Stored dataset items:
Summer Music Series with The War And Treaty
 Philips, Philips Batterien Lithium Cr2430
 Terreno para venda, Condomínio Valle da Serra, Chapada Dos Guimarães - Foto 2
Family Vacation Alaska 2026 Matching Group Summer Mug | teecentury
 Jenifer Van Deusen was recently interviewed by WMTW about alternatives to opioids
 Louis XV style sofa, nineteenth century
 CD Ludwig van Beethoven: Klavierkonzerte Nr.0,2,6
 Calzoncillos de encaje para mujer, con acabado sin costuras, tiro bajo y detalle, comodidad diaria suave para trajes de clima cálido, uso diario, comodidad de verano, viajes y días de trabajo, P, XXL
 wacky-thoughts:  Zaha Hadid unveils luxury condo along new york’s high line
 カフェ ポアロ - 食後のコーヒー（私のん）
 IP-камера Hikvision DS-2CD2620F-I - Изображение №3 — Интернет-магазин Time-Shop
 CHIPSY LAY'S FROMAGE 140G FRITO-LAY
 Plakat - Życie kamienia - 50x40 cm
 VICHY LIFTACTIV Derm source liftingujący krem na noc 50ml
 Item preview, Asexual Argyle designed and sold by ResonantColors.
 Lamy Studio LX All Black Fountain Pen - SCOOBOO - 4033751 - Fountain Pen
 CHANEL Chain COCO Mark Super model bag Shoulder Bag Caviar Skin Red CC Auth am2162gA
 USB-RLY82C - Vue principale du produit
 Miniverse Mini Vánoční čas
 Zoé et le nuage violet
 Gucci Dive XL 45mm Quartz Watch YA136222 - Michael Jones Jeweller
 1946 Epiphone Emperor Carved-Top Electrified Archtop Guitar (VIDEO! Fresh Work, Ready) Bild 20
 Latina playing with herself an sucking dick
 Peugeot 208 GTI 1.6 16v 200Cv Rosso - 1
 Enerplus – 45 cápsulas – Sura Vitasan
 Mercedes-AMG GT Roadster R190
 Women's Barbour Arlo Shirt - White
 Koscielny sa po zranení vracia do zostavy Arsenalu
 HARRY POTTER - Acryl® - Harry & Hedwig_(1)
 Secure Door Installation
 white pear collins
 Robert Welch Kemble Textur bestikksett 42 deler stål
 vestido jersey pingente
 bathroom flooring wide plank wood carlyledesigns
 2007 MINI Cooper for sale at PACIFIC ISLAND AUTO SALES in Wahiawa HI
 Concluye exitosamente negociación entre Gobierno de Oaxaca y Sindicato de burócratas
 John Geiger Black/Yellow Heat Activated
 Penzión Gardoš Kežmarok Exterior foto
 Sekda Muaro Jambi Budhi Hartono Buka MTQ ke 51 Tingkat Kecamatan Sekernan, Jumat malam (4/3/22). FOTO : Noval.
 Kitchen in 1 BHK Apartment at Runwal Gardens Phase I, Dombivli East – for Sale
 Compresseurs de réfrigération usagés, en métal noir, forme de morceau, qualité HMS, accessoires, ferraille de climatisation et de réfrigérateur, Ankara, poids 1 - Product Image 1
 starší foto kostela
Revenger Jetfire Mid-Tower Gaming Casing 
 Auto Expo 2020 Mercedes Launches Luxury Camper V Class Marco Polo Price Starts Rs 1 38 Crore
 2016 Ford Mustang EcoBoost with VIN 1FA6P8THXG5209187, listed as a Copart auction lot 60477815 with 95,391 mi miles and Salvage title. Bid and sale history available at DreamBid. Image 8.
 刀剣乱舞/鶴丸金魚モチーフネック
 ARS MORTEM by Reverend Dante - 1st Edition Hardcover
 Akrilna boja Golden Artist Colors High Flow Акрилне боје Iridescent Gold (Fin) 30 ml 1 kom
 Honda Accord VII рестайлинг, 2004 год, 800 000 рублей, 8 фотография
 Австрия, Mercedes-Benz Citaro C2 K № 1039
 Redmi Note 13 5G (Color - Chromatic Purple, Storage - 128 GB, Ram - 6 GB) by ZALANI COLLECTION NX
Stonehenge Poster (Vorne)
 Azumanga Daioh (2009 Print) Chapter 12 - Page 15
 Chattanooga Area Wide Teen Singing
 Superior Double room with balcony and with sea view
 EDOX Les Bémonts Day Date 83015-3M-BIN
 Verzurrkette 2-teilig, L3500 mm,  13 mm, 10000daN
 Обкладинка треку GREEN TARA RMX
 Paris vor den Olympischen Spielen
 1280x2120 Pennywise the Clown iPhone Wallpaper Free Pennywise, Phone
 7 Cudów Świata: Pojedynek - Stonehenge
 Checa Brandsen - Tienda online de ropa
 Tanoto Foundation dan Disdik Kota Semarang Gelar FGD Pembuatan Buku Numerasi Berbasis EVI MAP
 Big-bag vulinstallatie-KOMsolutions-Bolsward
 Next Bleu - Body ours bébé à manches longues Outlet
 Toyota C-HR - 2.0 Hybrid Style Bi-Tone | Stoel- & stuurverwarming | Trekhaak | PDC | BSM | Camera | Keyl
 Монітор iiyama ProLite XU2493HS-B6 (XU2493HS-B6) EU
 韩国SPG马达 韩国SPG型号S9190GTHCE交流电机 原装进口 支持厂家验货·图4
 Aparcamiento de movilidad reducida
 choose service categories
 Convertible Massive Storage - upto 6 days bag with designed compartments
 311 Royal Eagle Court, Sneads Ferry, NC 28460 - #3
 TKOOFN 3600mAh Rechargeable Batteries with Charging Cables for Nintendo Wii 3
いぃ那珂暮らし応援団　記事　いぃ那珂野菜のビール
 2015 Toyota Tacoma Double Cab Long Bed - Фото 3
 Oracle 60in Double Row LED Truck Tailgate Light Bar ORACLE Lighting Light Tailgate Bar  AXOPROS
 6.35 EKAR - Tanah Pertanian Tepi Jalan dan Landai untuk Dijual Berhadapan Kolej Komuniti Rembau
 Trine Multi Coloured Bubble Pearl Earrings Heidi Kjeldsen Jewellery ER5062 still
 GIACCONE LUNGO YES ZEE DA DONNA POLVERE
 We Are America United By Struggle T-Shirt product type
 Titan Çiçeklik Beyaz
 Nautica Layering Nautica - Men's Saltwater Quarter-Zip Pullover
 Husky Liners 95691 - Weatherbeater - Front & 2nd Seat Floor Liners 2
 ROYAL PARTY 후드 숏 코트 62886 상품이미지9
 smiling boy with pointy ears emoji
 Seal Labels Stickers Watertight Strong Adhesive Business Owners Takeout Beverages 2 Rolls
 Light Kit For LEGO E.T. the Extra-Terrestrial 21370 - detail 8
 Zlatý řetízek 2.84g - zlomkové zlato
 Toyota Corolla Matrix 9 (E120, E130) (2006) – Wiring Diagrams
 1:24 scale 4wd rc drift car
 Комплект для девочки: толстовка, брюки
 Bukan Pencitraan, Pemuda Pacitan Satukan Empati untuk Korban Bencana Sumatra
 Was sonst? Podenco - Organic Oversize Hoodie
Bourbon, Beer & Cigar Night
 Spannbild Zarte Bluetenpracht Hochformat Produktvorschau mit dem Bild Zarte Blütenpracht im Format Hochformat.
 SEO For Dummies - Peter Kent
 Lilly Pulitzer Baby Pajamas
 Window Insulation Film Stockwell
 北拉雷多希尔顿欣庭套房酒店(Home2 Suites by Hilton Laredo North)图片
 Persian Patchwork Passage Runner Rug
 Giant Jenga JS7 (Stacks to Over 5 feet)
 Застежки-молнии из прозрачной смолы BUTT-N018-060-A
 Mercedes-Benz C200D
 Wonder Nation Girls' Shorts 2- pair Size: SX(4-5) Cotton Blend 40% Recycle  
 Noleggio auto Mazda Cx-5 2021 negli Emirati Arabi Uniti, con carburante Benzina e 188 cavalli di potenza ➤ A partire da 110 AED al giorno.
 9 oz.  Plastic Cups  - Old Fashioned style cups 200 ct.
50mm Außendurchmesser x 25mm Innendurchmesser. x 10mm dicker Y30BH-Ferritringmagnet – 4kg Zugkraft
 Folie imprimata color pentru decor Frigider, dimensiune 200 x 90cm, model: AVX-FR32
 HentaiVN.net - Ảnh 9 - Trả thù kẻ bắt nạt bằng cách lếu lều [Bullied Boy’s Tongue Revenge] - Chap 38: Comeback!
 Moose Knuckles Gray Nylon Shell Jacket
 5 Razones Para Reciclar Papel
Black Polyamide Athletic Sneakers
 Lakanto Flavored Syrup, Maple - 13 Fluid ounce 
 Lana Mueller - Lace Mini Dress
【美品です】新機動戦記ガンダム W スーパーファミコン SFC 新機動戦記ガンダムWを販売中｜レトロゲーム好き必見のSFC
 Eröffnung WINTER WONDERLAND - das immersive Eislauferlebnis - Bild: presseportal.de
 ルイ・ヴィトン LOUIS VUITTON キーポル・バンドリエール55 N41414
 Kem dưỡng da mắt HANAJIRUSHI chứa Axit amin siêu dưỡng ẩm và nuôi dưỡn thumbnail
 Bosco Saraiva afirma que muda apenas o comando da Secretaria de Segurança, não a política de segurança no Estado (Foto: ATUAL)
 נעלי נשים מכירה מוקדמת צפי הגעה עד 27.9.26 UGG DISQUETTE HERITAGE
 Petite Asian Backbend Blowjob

- _Action item_: Starting at the first line of the records, print each line exactly, stopping after the line that contains "VICHY LIFTACTIV Derm".

- _Written response_:
Summer Music Series with The War And Treaty
 Philips, Philips Batterien Lithium Cr2430
 Terreno para venda, Condomínio Valle da Serra, Chapada Dos Guimarães - Foto 2
Family Vacation Alaska 2026 Matching Group Summer Mug | teecentury
 Jenifer Van Deusen was recently interviewed by WMTW about alternatives to opioids
 Louis XV style sofa, nineteenth century
 CD Ludwig van Beethoven: Klavierkonzerte Nr.0,2,6
 Calzoncillos de encaje para mujer, con acabado sin costuras, tiro bajo y detalle, comodidad diaria suave para trajes de clima cálido, uso diario, comodidad de verano, viajes y días de trabajo, P, XXL
 wacky-thoughts:  Zaha Hadid unveils luxury condo along new york’s high line
 カフェ ポアロ - 食後のコーヒー（私のん）
 IP-камера Hikvision DS-2CD2620F-I - Изображение №3 — Интернет-магазин Time-Shop
 CHIPSY LAY'S FROMAGE 140G FRITO-LAY
 Plakat - Życie kamienia - 50x40 cm
 VICHY LIFTACTIV Derm source liftingujący krem na noc 50ml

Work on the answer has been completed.